Do you also have an uncle that just cannot stop talking about politics? Or a brother that keeps bringing up endless stories about when you were little? Or a daughter that always wants the last say in whatever discussion? Family discussions around the dinner table can get quite loud at times. But should you listen most to the loudest around the table?
Around our house, with 5 kids aged between 9 and 21, it can be a challenge to make sure everyone can tell her/his story. Not everyone is an extravert that spontaneously shares his/her adventures at every occasion. But that doesn’t mean not everyone feels good when they can share their story. It just takes a different setting when you are rather on the introvert spectrum.

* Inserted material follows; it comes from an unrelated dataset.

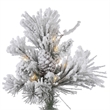 Vickerman 90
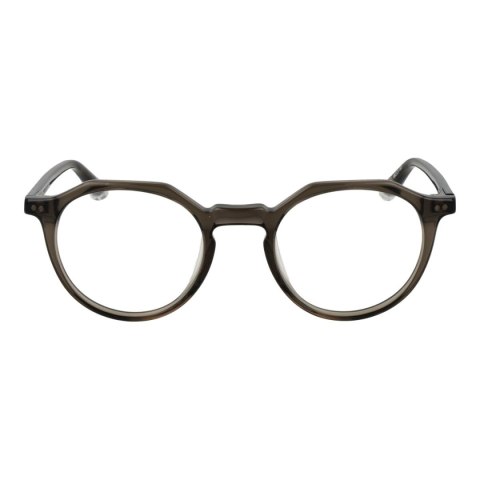 Ramki do okularów Unisex Taylor Morris W6 48C5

On November 20th 2014, Unicef celebrated the 25th anniversary of Convention on the Rights of the Child. That Convention states, amongst other things, that all children have the right to express their opinion on matters that are of concern to them. And blended families most certainly fall into that category.
That morning, I heard a voice on the radio saying
‘A real concern in Western families is that most children are not listened to. We all drive them around from school to ballet to football to music lessons, but we seem to have forgotten how to really listen to their needs and feelings’.
True, we often lack the time to really sit down and talk with our kids. And it’s an illusion that children, or adults for that matter, always speak up if they have something on their mind. They don’t.
We use a little trick I want to share to make sure every member in your family does speak up now and then. First off, we insist on eating at least one meal a day together in ‘our week’. It has proven to be the most valuable time for talking. Now and then, we do a tour of the table and ask 2 questions: What was the best part of your day? And what was the worst?The best part can be a great movie, but also a compliment from a teacher or a hug. The worst part can be a lousy exam, but also a naughty remark from a friend at school or a fight with a sister.
I am not a psychologist, but I’ve found it to be a simple but good way to make sure ever person in our house, also the introverts in our family, can share their story. Parents and the occasional guests included. It also makes everyone think about at least one positive thing that happened during the day, no matter how shitty it really was.
We use a variation to the theme to release the tension whenever we feel there’s too much stress or quarrels going on in our family. We ask everyone around the dinner table to mention two positive character treats about the others and one ‘element to work on’. It allows for things to be said, also the less easy messages.
Is it really that simple? Yes, it is. Just give it a try. Preferably on days when you feel good yourself.